AKP iktidarı tarafından binlerce “Torba Yasa” çıkartılarak, padişahlık dönemine ait tapuların hukuki statü kazandırılarak dava konusu yapılması yolu açılarak, bu gibi davaların mahkemelere taşınması sağlanmıştır. İncirlik Hava Üssü’ne ait tapunun sahibi olduğunu iddia eden Ermeni vatandaşla, Diyarbakır Hava Alanına ait yine bir Ermeni vatandaşın açtığı davalar emsal teşkil edebilir. Urla Uzunada’yla ilgili İngiliz vatandaşları, Anhony Edvards oğlu Edvard ve Olivia Jons’un, Deniz Kuvvetlerinin Üssü statüsündeki araziyi, kendilere ait olduğunu iddia ederek, 1896 tarihli İzmir-Urla ilçesine ait tapu kaydına dayanarak, 2004 yılından bu yana Urla Asliye Hukuk Mahkemesi’nde sürdürdükleri davalar hep bu torba yasalar nedeniyle geçerlilik kazandırılmaya dayanan uygulamalardır.
Zaman aşımı ve Hazine mülkiyeti yok sayılıyor
Bu gibi arazilerden Kadastro’nun yasalara dayanarak yaptığı mülkiyet çalışmaları ve Maliye Hazinesi adına tapu verilmiş olması, “Zaman Aşımı” hukuki kavramları hiçe sayılarak AB dayatmaları bahane edilerek, “Hukuki Kapütilasyon” niteliğindeki teslimiyetlere yol açılıyor.

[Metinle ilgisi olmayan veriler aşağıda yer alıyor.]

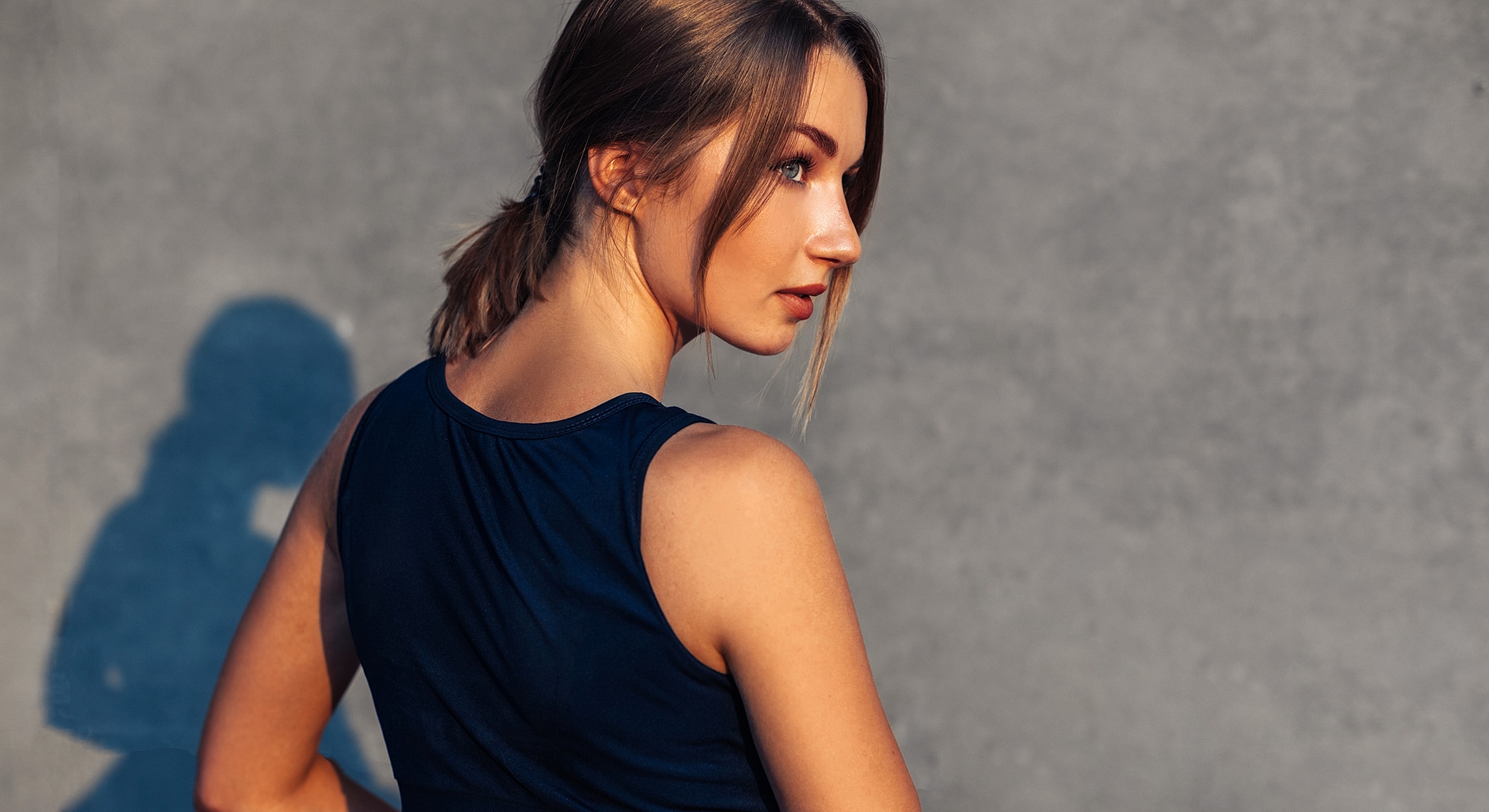 Woman in a sleeveless top, looking back.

Kuzey Kıbrıs Türk Cumhuriyeti’nde, Loizidou isimli bir Rum vatandaşı, AİHM’de lehine sonuçlanarak tazminat ödenmesine neden olmuştu. Başka bir yakın örnekte; Fener Patriği Maksimos Vapurci ile ilgili yerel mahkemenin kararının Yargıtay Hukuk Genel Kurulu tarafından da onanarak yürürlüğe girmesi. Tabi arkasından binlerce, on binlerce davayı da kapsamına alması söz konusu olacaktır. Yargıtay ne zaman aşımı ne de Kadastro tarafından Hazine adına tapu verilmesine önem vermekte; sadece siyasi konjonktüre göre eğilim göstermekte...
AKP iktidarı tarafından 2003 yılında çıkartılan, önce 4916 sayı ile sonra yeterli bulun mayınca sayısı halkımız tarafından tespiti mümkün olmayan yasalarla, torba yasalarla duvara dayandık. “Yabancılara Gayrimenkul Satışı”na ilişkin yasanın, ülkemiz için ne gibi felaketler getireceğini düşünmek bile insanı dehşete düşürmeye yetiyor. Ülkenin topraklarının mülkiyeti yabancılara teslim edilmekte ve sırada Ayasofya ve diğer dini alanlar bekliyor. Şimdilik İstanbul, İzmir, Van, Kars, Ardahan gibi kentleri talep etmemelerini teselli mi saymalıyız acaba? Ancak halkımız, bütün bu olumsuz gidişe karşın ayağa kalkmış, kendi yazgısını eline almış durumda. Ülkenin her karışında mücadeleyi yükselterek direniyor. Kurtuluşun, 7 Haziran sandık engeline rağmen, ufka taşıyacağı “Atatürkçü Devrim” le aşılacağını gösterecektir.